Dewasa ini, kawula muda edgy mulai mendengarkan kembali lagu yang mendayu-dayu, seperti Kangen Band, Armada, Ada Band dst yang sebelumnya telah ditempatkan ke dalam daftar hitam anak muda edgy di tahun 2000an, karena mulai dari penampilan personil dan liriknya yang menye-menye dianggap cringe, kamseupay dan tidak merepresentasi anak muda di zamannya (terutama anak muda di kota) yang lebih mengidolakan Rolling Stone, Gun's n Roses, Nirvana, The Sigit, Linkin Park dst.
Di tahun 2000an mereka menganggap musik pop seringkali tidak relevan untuk menggugah selera musik anak muda di zaman itu. Artinya selera musik dalam negeri perlu mencontoh budaya-budaya musik luar, yang dimulai dari kesesuaian penampilan, pemilihan lirik, susunan nada dan distorsi.
Tetapi kemudian ketika menengok musik dalam negeri yang tidak nyambung dengan gaya berpakaian Emo membawakan lagu menye-menye dan mendayu-dayu, barang kali itu menjadi penyebab mengapa anak muda di tahun 2000an lebih menyukai genre punk, rock, hardcore dst.

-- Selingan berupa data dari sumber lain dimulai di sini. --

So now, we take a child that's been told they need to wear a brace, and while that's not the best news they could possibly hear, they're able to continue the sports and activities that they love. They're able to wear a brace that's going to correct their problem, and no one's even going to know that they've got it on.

Namun persoalan mengenai jenis genre musik yang dalam tanda kutip, dianggap lebih keren daripada genre lainnya menjadi fenomena yang menarik untuk dibahas.
Tulisan ini hendak mengulas tentang mengapa musik pop menjadi musik yang nir-maknawi dan dangkal dengan membedah secara singkat beberapa lirik lagunya, serta membahas tentang relasi antara pasar-seniman-penikmat musik agar setidaknya mampu melihat secara objektif apa yang terjadi di balik ratapan kesedihan cinta yang selama ini kita dengar.

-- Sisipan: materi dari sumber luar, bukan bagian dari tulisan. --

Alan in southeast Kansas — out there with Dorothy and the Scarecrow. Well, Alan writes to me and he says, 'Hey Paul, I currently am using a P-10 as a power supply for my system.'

Untuk memulai pembahasan barangkali kalian pernah menonton atau setidaknya sepintas melihat scene dalam film 500 Days Summer. Dikisahkan dalam sebuah lift, Tom sedang mendengarkan lagu yang dibawakan oleh The Smiths, berjudul There Is a Light That Never Goes Out dengan menggunakan headset.
Masuklah seorang remaja perempuan bernama Summer ke dalam lift, selang beberapa detik kemudian, secara spontan Summer mengutarakan bahwa dirinya menyukai The Smith, Summer mengatakan:
"I love The Smiths".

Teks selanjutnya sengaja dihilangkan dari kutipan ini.